*** RECORDS TO USE ***

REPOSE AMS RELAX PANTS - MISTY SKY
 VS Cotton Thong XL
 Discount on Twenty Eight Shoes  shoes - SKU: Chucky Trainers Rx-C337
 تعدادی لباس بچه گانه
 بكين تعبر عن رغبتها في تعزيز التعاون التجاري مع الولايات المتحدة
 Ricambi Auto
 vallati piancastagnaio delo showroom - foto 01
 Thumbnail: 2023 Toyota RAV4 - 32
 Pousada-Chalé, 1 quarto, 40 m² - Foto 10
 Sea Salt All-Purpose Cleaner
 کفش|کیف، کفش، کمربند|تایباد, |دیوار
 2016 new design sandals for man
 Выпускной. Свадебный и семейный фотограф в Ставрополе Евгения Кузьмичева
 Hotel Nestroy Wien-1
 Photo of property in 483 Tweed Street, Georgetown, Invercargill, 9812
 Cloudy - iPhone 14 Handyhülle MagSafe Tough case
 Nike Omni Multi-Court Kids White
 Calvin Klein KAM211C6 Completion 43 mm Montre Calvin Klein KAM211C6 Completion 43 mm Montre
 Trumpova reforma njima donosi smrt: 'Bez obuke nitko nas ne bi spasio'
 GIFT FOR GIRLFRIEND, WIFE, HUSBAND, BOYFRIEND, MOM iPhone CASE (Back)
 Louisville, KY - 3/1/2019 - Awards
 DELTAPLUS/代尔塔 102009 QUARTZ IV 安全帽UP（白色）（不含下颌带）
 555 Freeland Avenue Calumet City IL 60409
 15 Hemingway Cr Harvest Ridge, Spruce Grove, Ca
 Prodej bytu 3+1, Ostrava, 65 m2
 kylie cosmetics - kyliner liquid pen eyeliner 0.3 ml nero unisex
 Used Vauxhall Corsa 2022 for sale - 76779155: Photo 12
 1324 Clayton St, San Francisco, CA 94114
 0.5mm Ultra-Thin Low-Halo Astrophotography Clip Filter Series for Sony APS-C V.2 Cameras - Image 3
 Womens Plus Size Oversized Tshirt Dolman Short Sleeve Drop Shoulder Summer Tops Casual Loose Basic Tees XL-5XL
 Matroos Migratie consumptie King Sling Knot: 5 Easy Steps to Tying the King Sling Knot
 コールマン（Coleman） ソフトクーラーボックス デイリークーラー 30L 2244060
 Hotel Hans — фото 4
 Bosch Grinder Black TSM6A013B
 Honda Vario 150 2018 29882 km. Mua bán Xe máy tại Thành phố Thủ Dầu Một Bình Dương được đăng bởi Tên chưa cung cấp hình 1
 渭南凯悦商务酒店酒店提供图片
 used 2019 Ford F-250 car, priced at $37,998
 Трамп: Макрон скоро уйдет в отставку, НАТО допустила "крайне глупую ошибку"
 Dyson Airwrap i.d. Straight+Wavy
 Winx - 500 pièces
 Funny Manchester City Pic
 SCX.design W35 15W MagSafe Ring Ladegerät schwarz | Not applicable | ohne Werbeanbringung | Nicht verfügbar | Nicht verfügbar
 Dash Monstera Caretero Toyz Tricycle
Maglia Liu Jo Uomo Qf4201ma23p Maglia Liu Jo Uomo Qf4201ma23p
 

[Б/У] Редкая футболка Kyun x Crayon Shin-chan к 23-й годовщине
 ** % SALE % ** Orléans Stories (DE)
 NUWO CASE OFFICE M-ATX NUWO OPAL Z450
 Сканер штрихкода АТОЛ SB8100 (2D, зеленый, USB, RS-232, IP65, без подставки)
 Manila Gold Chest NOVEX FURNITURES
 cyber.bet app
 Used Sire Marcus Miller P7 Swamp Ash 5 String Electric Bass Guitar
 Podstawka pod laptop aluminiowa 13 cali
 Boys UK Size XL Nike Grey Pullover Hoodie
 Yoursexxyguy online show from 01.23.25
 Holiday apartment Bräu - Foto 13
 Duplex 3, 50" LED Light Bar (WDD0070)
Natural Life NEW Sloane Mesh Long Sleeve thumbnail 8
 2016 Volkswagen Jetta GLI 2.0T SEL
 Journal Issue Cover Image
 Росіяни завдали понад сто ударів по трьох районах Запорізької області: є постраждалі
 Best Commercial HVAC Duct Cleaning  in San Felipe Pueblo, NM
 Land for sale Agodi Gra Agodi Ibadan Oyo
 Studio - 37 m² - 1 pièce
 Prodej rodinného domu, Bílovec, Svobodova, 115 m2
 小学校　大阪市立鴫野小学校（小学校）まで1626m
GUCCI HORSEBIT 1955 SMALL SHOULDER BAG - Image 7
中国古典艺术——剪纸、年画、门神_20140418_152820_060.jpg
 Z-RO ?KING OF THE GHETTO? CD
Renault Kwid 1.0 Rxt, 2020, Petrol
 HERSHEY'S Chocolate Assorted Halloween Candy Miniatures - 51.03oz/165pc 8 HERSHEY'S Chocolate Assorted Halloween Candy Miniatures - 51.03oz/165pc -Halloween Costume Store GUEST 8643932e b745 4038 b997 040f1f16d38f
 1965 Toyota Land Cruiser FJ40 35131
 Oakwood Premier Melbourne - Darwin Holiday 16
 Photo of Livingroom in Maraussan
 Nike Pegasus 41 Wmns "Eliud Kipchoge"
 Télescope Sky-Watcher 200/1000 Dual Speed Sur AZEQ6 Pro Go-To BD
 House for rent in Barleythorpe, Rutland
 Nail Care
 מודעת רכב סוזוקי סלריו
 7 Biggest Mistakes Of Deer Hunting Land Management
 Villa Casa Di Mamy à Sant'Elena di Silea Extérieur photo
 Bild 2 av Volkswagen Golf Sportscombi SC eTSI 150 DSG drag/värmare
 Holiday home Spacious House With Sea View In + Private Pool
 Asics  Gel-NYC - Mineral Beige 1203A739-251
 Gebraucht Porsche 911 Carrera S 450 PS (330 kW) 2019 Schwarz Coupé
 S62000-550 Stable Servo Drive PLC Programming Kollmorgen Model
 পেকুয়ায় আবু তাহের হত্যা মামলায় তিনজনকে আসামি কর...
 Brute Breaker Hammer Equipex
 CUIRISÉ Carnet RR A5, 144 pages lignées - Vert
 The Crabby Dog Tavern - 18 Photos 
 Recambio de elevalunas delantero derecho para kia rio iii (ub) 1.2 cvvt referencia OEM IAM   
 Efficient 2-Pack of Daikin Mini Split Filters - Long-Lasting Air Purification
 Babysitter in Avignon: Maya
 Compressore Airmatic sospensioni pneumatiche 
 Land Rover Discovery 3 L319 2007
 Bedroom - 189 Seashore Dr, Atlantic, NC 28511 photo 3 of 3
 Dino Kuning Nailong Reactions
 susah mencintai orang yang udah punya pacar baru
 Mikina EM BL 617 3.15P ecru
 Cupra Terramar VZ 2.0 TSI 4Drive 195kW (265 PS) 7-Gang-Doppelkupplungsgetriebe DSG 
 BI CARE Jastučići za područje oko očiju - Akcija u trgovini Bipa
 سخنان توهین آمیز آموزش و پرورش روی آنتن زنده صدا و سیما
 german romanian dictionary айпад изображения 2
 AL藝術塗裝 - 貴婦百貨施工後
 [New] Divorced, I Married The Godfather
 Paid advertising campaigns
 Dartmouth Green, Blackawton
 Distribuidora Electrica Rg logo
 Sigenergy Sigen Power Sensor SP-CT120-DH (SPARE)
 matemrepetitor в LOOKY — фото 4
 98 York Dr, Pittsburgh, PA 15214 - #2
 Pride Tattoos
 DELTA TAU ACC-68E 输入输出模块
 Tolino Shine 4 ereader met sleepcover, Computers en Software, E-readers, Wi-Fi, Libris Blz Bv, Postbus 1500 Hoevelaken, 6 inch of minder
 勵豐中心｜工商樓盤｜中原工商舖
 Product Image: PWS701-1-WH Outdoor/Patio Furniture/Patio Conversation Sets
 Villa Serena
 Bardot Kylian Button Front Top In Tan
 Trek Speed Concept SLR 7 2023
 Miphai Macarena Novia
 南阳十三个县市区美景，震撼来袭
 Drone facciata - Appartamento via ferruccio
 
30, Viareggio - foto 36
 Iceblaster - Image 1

*** End of RECORDS TO USE ***

WHAT IS REQUIRED:
Your answer should be the lines from the one containing "勵豐中心｜工商樓盤｜中原工商舖" through the end of the records, both included, output exactly and with nothing added.

FINISHED TASK:
 勵豐中心｜工商樓盤｜中原工商舖
 Product Image: PWS701-1-WH Outdoor/Patio Furniture/Patio Conversation Sets
 Villa Serena
 Bardot Kylian Button Front Top In Tan
 Trek Speed Concept SLR 7 2023
 Miphai Macarena Novia
 南阳十三个县市区美景，震撼来袭
 Drone facciata - Appartamento via ferruccio
 
30, Viareggio - foto 36
 Iceblaster - Image 1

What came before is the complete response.